The New York Times summarized the minority opinion written by Justice Sonia Sotomayor (which was co-signed by Justice Ruth Ginsburg):
[Sotomayor] said the initiative put minorities to a burden not faced by other college applicants. Athletes, children of alumni and students from underrepresented parts of the state, she said, remained free to try to persuade university officials to give their applications special weight. “The one and only policy a Michigan citizen may not seek through this long-established process,” she wrote, “is a race-sensitive admissions policy.” That difference, she said, violates the Constitution’s equal protection clause.
“The Constitution does not protect racial minorities from political defeat,” she wrote. “But neither does it give the majority free rein to erect selective barriers against racial minorities.” Justice Ruth Bader Ginsburg joined the dissent.

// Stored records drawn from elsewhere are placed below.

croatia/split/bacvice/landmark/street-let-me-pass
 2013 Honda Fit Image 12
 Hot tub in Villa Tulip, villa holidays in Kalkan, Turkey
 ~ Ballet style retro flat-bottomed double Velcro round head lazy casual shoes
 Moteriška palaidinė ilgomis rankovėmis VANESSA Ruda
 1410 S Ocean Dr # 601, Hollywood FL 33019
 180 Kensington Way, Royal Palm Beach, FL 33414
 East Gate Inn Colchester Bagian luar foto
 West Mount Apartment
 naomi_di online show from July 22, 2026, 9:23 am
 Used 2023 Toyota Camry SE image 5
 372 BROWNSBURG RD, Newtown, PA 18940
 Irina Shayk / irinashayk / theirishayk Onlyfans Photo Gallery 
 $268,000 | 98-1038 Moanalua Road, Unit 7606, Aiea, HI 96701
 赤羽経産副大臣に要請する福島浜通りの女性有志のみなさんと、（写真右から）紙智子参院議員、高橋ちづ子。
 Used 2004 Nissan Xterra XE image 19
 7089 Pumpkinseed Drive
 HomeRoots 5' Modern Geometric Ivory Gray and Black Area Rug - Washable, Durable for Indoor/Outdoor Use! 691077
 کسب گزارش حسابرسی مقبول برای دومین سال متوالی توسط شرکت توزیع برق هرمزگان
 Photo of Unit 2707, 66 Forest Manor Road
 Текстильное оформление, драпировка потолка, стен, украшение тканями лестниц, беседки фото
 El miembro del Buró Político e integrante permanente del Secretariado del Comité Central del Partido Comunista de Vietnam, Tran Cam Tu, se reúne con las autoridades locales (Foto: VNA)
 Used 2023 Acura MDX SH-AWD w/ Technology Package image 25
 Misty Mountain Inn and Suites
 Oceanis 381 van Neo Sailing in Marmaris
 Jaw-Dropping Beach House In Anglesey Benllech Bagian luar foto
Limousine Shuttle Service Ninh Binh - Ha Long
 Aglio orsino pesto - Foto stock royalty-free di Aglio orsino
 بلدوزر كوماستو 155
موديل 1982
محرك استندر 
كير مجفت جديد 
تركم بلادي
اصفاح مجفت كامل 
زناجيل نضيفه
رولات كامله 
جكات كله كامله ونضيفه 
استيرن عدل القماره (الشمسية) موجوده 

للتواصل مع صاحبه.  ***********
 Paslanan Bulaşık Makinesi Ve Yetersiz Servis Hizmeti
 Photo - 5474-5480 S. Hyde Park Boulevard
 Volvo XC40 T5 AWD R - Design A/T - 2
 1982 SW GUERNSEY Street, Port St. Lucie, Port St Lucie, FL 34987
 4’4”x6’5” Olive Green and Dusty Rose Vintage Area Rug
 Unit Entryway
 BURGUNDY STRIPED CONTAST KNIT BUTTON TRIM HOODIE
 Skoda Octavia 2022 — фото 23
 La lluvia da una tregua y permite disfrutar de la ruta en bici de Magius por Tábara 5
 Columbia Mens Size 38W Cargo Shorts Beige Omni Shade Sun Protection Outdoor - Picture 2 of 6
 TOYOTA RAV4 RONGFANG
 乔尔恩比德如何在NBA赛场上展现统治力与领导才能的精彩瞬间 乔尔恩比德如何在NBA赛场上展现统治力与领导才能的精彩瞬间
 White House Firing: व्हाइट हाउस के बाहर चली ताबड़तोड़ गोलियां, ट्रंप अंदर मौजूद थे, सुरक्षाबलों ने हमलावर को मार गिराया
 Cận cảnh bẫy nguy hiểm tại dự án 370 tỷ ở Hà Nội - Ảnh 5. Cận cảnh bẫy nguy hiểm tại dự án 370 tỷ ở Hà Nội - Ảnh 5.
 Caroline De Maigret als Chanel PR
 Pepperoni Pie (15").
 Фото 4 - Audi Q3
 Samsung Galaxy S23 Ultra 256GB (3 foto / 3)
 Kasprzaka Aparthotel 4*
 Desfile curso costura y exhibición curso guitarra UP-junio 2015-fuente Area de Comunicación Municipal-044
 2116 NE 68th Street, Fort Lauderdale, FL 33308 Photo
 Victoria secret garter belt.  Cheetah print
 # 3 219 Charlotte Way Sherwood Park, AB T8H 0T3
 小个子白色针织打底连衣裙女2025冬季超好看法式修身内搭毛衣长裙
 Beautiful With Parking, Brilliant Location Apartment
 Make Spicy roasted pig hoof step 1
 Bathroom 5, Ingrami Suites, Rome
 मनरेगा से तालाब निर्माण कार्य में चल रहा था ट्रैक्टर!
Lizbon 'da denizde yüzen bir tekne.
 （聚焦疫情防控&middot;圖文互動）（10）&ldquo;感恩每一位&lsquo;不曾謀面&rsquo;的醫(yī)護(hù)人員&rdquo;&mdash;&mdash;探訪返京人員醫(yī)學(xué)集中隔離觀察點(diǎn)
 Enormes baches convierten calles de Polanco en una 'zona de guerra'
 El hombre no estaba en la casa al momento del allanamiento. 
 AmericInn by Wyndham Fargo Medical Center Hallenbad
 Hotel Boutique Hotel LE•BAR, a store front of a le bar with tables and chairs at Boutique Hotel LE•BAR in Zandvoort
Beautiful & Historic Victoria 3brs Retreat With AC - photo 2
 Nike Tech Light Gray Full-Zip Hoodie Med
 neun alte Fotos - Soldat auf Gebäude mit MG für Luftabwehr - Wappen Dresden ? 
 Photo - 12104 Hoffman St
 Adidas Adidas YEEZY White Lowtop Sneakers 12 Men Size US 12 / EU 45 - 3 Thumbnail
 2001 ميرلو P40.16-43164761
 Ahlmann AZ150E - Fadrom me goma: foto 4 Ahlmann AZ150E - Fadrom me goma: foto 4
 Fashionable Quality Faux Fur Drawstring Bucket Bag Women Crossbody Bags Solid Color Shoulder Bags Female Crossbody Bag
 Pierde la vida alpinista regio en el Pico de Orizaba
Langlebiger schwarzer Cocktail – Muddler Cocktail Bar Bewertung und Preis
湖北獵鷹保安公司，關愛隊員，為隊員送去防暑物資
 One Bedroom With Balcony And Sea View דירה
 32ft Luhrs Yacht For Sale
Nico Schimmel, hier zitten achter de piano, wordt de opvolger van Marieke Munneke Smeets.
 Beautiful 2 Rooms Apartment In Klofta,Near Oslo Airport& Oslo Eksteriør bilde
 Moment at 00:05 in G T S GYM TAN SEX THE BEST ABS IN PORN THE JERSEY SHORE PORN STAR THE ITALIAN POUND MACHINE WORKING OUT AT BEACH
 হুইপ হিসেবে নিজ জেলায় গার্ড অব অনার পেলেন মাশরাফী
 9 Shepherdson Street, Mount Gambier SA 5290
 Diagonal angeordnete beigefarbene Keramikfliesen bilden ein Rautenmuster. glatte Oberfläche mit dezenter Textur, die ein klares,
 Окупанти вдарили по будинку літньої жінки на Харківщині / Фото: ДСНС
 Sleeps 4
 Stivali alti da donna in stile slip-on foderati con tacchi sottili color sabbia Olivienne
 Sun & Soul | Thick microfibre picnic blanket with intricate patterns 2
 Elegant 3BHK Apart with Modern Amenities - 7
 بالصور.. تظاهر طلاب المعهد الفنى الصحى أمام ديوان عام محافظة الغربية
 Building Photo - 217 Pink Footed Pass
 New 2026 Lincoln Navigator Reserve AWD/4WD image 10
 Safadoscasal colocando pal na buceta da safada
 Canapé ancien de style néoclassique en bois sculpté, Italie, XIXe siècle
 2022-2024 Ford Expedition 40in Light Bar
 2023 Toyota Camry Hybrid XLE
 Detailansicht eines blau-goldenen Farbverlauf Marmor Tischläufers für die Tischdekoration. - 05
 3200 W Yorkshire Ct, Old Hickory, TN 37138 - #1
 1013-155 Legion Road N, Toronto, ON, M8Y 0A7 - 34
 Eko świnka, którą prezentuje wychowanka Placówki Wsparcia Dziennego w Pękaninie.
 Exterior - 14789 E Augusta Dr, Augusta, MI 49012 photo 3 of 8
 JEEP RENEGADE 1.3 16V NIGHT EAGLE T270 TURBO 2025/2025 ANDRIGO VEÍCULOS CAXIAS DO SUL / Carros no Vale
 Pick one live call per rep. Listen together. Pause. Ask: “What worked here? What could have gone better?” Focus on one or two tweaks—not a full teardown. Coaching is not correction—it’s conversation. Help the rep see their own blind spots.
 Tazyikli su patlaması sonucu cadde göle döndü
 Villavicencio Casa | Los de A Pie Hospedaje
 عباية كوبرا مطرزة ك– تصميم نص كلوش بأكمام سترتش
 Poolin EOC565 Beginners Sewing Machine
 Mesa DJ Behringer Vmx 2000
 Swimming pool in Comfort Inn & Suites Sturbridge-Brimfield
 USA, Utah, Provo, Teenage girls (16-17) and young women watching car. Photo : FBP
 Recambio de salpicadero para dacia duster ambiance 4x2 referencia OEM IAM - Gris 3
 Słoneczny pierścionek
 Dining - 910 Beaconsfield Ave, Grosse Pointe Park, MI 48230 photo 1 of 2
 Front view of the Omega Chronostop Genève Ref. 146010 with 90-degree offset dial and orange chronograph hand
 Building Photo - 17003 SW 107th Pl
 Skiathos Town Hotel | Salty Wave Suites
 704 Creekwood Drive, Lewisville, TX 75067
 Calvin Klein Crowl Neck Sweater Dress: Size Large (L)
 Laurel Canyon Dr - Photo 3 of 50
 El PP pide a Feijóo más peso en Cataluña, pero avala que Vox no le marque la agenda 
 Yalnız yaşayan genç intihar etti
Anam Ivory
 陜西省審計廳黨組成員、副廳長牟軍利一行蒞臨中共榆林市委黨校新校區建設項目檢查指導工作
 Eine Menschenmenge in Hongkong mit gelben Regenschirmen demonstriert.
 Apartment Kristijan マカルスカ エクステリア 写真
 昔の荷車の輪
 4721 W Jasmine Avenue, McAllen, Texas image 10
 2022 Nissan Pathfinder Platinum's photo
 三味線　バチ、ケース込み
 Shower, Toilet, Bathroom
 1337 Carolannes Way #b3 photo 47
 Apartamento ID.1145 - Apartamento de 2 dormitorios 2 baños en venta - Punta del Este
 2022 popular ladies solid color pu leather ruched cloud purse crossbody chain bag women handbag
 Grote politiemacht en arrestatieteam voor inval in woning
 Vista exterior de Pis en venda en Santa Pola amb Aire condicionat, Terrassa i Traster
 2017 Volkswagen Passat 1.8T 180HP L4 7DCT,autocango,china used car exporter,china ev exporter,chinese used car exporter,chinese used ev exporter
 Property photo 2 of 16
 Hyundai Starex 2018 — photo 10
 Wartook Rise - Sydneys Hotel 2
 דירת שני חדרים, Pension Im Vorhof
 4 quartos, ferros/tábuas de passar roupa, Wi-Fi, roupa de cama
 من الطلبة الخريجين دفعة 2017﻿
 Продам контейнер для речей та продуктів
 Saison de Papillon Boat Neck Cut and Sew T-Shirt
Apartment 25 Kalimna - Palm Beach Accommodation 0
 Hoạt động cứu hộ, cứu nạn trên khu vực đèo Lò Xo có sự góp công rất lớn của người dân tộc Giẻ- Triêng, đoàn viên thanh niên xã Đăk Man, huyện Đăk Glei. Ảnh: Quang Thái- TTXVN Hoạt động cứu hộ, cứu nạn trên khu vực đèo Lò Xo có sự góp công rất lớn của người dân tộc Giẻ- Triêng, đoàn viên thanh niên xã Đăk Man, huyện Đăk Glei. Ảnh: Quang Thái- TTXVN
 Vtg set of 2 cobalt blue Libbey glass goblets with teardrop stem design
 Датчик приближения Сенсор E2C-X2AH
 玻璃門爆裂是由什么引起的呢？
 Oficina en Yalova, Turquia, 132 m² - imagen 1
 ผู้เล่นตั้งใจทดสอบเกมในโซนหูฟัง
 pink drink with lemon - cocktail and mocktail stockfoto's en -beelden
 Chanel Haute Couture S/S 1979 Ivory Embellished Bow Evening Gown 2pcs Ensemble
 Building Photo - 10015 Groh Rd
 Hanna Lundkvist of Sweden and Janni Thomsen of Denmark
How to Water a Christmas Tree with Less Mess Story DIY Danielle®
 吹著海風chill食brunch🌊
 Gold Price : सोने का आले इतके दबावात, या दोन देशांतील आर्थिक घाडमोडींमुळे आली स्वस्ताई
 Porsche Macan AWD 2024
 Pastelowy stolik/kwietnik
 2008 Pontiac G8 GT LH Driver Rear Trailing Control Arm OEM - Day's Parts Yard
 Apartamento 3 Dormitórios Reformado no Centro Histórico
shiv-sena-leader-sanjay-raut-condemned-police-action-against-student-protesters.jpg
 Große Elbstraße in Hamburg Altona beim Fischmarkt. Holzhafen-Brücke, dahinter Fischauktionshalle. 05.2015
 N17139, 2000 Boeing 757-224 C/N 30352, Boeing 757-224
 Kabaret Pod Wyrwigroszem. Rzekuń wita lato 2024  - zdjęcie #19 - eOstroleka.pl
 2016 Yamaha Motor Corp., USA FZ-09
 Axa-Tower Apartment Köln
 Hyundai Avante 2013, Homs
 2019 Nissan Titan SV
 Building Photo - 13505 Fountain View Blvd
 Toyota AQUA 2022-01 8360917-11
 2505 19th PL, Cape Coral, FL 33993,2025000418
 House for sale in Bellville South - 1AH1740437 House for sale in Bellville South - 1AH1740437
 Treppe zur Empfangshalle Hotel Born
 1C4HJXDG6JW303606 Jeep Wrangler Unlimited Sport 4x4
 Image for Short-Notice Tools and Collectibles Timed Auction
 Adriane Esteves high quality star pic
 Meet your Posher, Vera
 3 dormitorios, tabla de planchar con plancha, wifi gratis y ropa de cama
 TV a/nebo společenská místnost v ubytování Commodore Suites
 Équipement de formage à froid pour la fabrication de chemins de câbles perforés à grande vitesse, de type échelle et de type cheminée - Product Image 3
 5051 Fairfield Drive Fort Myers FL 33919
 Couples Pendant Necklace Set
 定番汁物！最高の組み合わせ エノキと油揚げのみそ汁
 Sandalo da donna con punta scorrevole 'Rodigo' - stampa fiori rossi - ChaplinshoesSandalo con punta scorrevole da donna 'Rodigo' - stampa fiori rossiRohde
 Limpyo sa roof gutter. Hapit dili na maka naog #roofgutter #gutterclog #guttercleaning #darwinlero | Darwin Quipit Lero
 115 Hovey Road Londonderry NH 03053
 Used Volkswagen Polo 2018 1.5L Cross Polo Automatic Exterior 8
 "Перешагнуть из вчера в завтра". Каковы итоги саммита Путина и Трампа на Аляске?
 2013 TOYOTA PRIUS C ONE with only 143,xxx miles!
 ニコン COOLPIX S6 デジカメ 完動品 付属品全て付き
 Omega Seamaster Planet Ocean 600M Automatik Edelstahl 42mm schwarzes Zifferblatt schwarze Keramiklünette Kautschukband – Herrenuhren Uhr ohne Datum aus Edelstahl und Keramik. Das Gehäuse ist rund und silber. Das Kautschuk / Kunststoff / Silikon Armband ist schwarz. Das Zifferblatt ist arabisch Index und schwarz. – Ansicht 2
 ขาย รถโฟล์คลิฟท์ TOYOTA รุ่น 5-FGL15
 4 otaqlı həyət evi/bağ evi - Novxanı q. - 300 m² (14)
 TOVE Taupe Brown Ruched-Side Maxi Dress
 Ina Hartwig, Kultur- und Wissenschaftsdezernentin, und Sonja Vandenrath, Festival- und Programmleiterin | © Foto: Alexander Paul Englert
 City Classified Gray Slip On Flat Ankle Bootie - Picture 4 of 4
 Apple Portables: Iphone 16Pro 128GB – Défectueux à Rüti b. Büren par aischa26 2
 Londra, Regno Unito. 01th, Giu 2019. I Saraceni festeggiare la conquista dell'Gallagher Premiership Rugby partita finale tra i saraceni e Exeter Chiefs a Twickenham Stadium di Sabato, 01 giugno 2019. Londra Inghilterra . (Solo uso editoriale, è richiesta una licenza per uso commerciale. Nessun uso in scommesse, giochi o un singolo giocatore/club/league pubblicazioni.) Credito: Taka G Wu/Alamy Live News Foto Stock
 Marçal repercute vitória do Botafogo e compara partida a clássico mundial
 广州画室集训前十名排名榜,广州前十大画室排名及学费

Ultimately, this week’s decision in Schuette reinforces what we already knew: that the work of affirmative action defenders “on the ground” are — as they always have been — of critical importance. Clearly, we must redouble our efforts to educate and energize voters, dismantle myths, and encourage citizens to use their votes to protect affirmative action in the coming wave of new ballot measures that are sure to come. The ballot box, say the Supreme Court, will be our battleground. We must be ready.
But what worries me is the impact of Schuette elsewhere: could this decision embolden the numerical majority to pass more ballot measures that limit the rights of minorities? Will Schuette produce additional barriers to challenging discriminatory ballot measures that attack voting rights, reproductive rights, or other issues that are disproportionately felt within minority communities?
If a minority group cannot overcome a ballot measure through sheer numbers, and if we can now can no longer trust that the higher courts will intervene when this happens — one of the most important functions of the judicial branch — what avenues are there left to minorities to advocate for ourselves when our rights come under attack?
This country has had a long history of the majority voting to uphold laws that limit the rights of the minority. Throughout its history, the Court has been essential in protecting minorities from the uncaring, arbitrary, and sometimes disenfranchising consensus of majority rule; one might argue that this is its most important function. It was not the popular vote that emancipated slaves, eliminated racial quotas against immigrants, integrated schools and lunch counters, or protected voting rights for racial minorities.
Schuette was a bad, bad, bad decision from the Supreme Court this week, and not necessarily because of its effect on affirmative action. It was a bad decision for everybody in this country who — based on whatever aspect of their identity — stands apart from the majority.
If that’s you, then the Supreme Court just told you through their decision in Schuette that the Courts are that much less interested in protecting you.